Leland Devon Melvin (born February 15, 1964) is an American engineer and a retired NASA astronaut. He served on board the Space Shuttle Atlantis as a mission specialist on STS-122, and as mission specialist 1 on STS-129.  Melvin was named the NASA Associate Administrator for Education in October 2010.

Biography

Melvin attended Heritage High School and then went on to the University of Richmond on a football scholarship, where he received a bachelor's degree in chemistry. In 1989, he received a Master of Science degree in Materials Science Engineering from the University of Virginia.

His parents, Deems and Grace, reside in Lynchburg, Virginia and Melvin's recreational interests include photography, piano, reading, music, cycling, tennis, and snowboarding.

Melvin appeared as an elimination challenge guest judge in the 12th episode of Top Chef (season 7); with his dogs in the seventh season of The Dog Whisperer and the second season of the Netflix series Dogs; and was the host of Child Genius (season 1 and 2).

Football career
Melvin was a wide receiver on the University of Richmond football team from 1982 to 1985. Melvin is first on the University of Richmond's career lists with 198 receptions for 2,669yards, and fourth on Richmond's career touchdown receptions list with 16. He was an AP honorable mention All-America selection in 1984 and 1985 and second-team Apple Academic All-America in 1985.

A team captain during his senior season, Melvin had his best year in 1985, with 65 catches for 956yards and eight touchdowns. His top game was in 1984 against James Madison University, when he had 10 catches for 208yards and one touchdown.

Melvin caught at least one pass in every game he played as a Richmond Spider (39).

He was in the University of Richmond Athletic Hall of Fame Inductee Class of 1996–97 and selected for the All-UR Stadium Team in 2009, which commemorates the greatest Spiders to have played at the stadium in its 81-year history.

Melvin was chosen by the Detroit Lions in the 11th round of the 1986 NFL Draft as a wide receiver. During training camp, he pulled a hamstring and was released from the team in late August. In October, he was added to the Canadian Football League's Toronto Argonauts' practice roster.

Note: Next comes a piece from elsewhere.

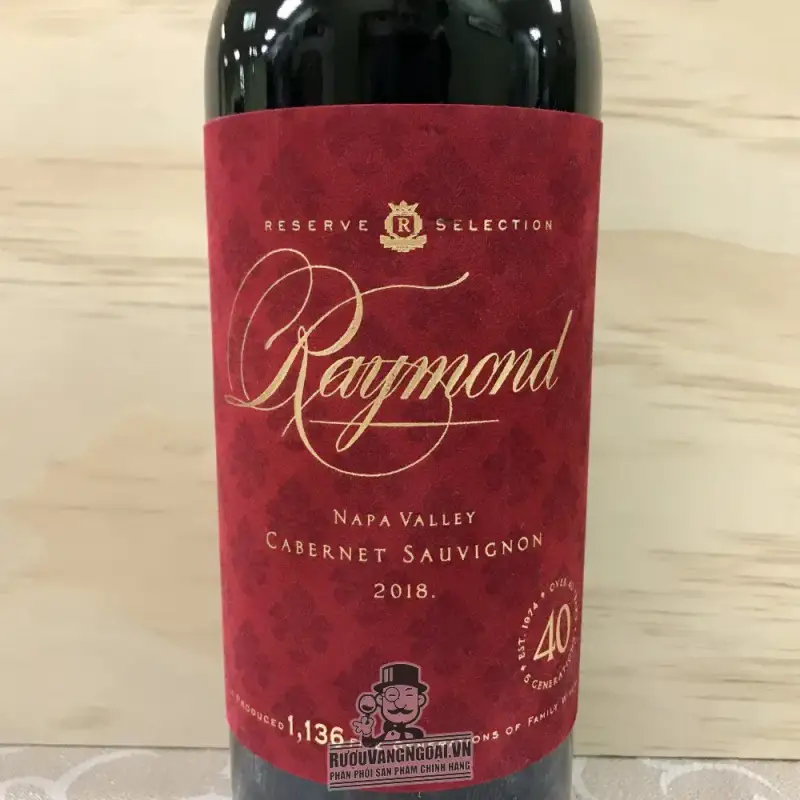 Mua ruou vang raymond reserve selection th anniversary giá rẻ tại Hà Nội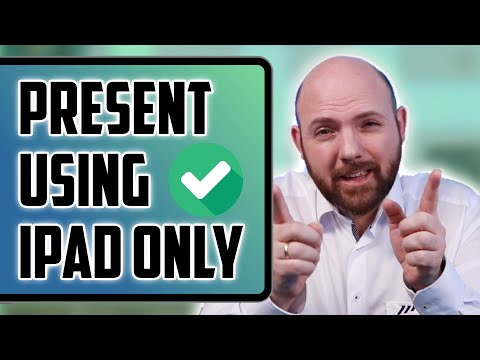 How To Present Notes And Slides Using iPad (Pro) Only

He reported to the Dallas Cowboys the following spring but pulled a hamstring a second time, officially ending his professional football career.

NASA career
Melvin began working in Nondestructive Evaluation Sciences Branch at NASA Langley Research Center in 1989. His responsibilities included using optical fiber sensors to measure strain, temperature, and chemical damage in both composite and metallic structures. In 1994, he was selected to lead the Vehicle Health Monitoring team for the cooperative NASA/ Lockheed Martin X-33 Reusable Launch Vehicle program. In 1996, he co-designed and monitored construction of an optical nondestructive evaluation facility capable of producing in-line fiber optic sensors.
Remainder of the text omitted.